GIVEN INFORMATION:
>>

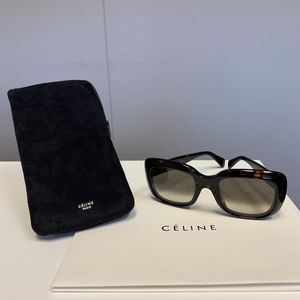 Celine Tortise Shell Squarish Sunglasses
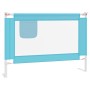 Child bed safety rail blue fabric 90x25 cm by vidaXL, Safety railings - Ref: Foro24-10207, Price: 44,24 €, Discount: %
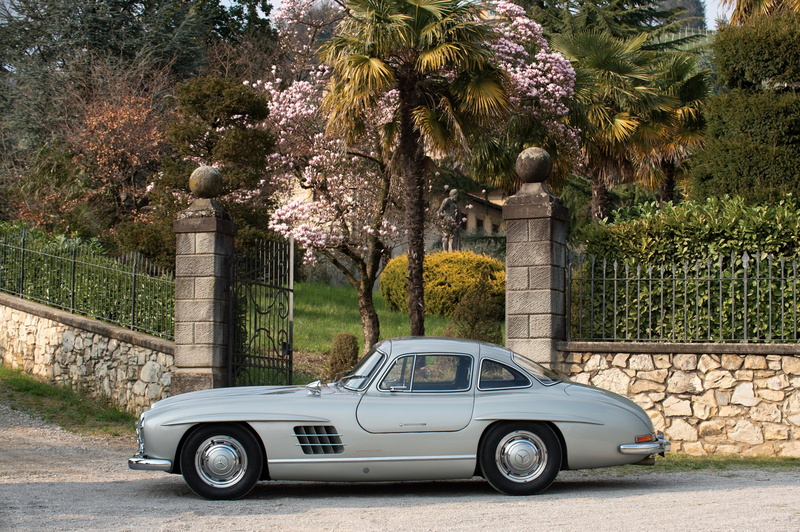 1955, (w198), mercedes, 4K, 300, benz, classic, cars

<<

EXERCISE INSTRUCTIONS:
Give back the data exactly, with no images.

ANSWER SECTION:
 Celine Tortise Shell Squarish Sunglasses
 Child bed safety rail blue fabric 90x25 cm by vidaXL, Safety railings - Ref: Foro24-10207, Price: 44,24 €, Discount: %
 1955, (w198), mercedes, 4K, 300, benz, classic, cars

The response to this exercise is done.